Rubus fruticosus L. is the ambiguous name of a European blackberry species in the genus Rubus (part of the rose family). The name has been interpreted in several ways:

- The species represented by the type specimen of Rubus fruticosus L., which is also the type specimen of the genus Rubus. This specimen is considered to match the species R. plicatus, in Rubus subgenus Rubus, section Rubus.

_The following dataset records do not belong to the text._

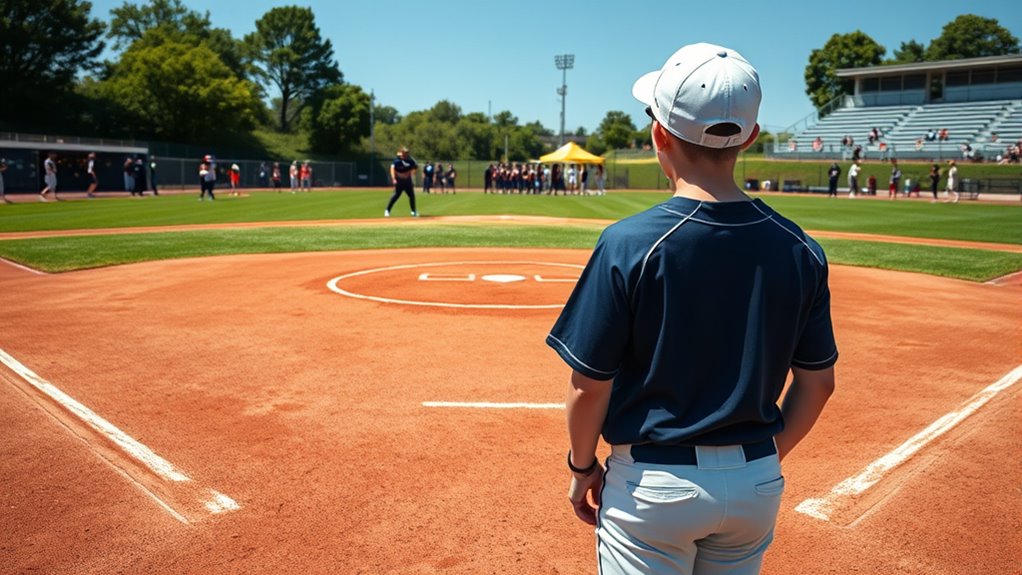 know field positions confidently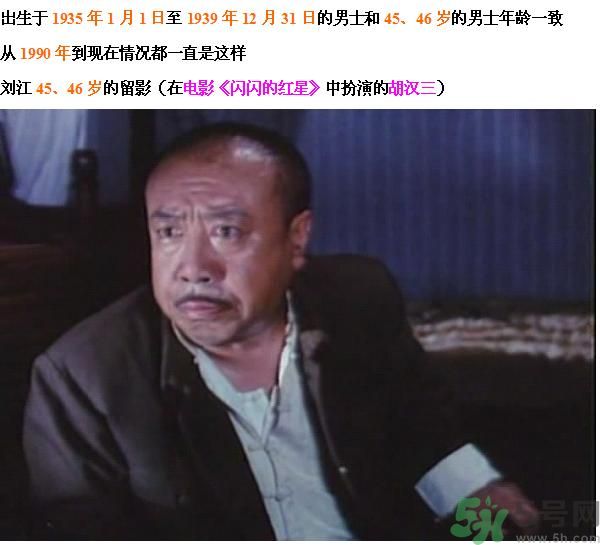 聯(lián)合國嚴正聲明1990年出生的都是中年人了是怎么回事？
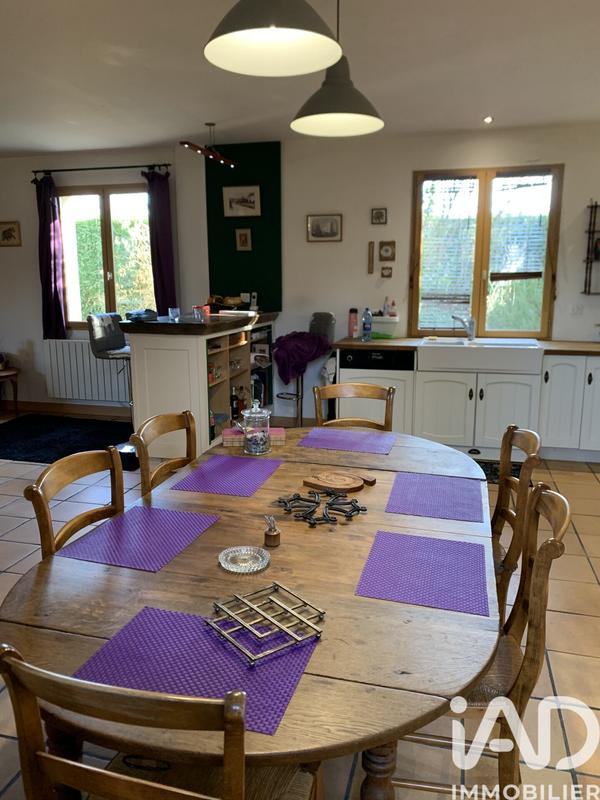 Maison de campagne - 187 m² - 4 pièces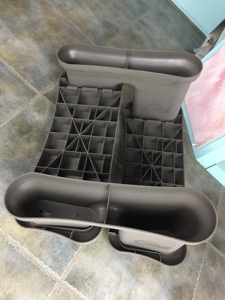 Outdoor Hot Tub Slap-up <strong>Steps</strong> SPA Surrounds Modern Bar <strong>Stools</strong> Outdoor 3 <strong>Step</strong> Spa <strong>Steps</strong> - Product Image 5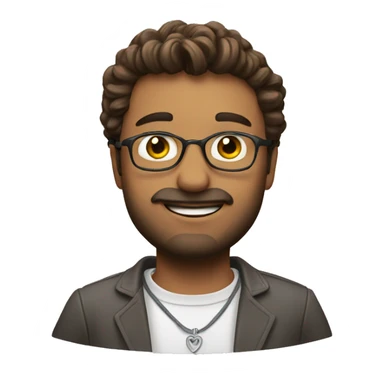 budapest heart sticker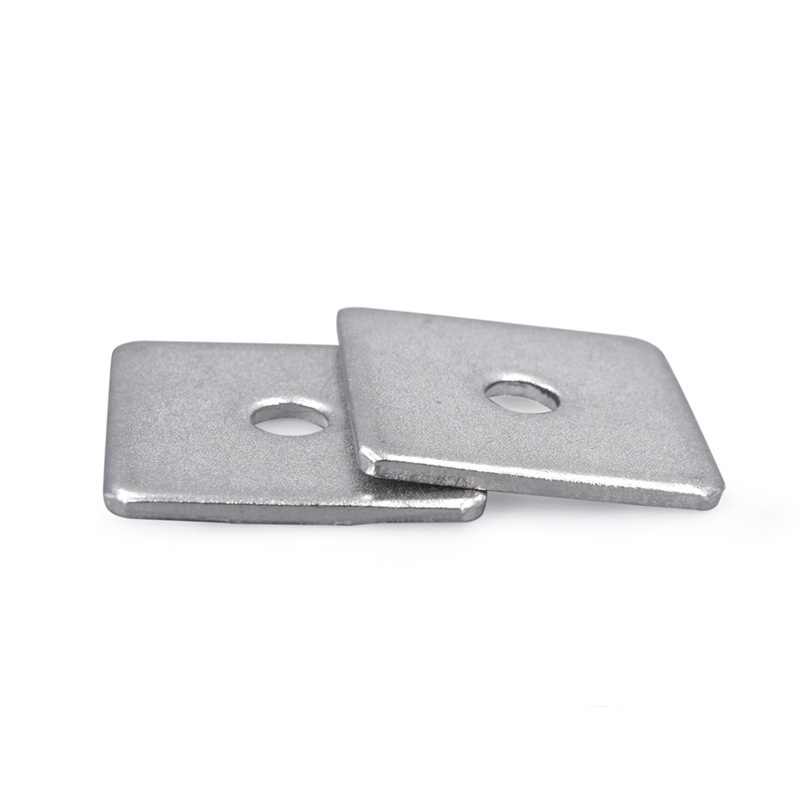 M8 Square Plate Washers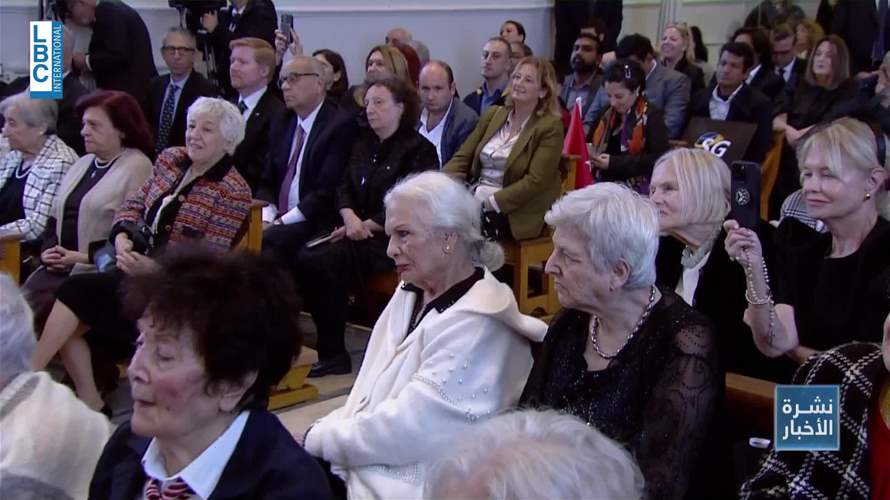 كنيسة تحت الماء سيزورها البابا لاوون الرابع عشر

- Various species consistent with Carl Linnaeus' original description of the species, which was based on a mixture of specimens now considered to match Rubus ulmifolius and R. plicatus
- a species aggregate (group of similar species) Rubus fruticosus agg. (a nomen ambiguum) that includes most (or rarely all) of a group called Rubus subgenus Rubus (or less often: Rubus section Rubus [sensu latissimo]):
  - in a narrow sense, sometimes separated as the section Glandulosus (alternative name: subsection Hiemales) In this sense the species aggregate does not include the type of the genus Rubus.
  - in a broad sense: (1) (i) sections Glandulosus and Rubus [sensu stricto] (in non-British systems, these two sections are classified together as section Rubus [sensu lato], section Glandulosus being called subsection Hiemales and section Rubus [sensu stricto] being called subsection Rubus) or (ii) "most of" these sections; or (2) sections Glandulosus, Rubus [sensu stricto] and Corylifolii. Section Rubus [sensu stricto] are probably hybrids involving members of section Glandulosus with either R. idaeus or R. allegheniensis. Section Corylifolii are probably hybrids involving members of section Glandulosus with R. caesius.
  - even more broadly, including all the taxa in the subgenus Rubus

==Incorrect applications==
Apart from the established meaning of Rubus fruticosus L. as R. plicatus, the name R. fruticosus has been incorrectly applied to several species, including:
- Rubus fructicosus Weihe & Nees, Rubi Germ. 24, 1822 -> Rubus montanus Lib. ex Lej., Fl. Spa 2: 317, 1813 (or part of R. montanus)
- Rubus fruticosus G.N.Jones -> Rubus vestitus Weihe
- Rubus fruticosus L. ex Dierb. -> Rubus vulgaris Weihe & Nees
- Rubus fruticosus Lour. -> Rubus cochinchinensis Tratt.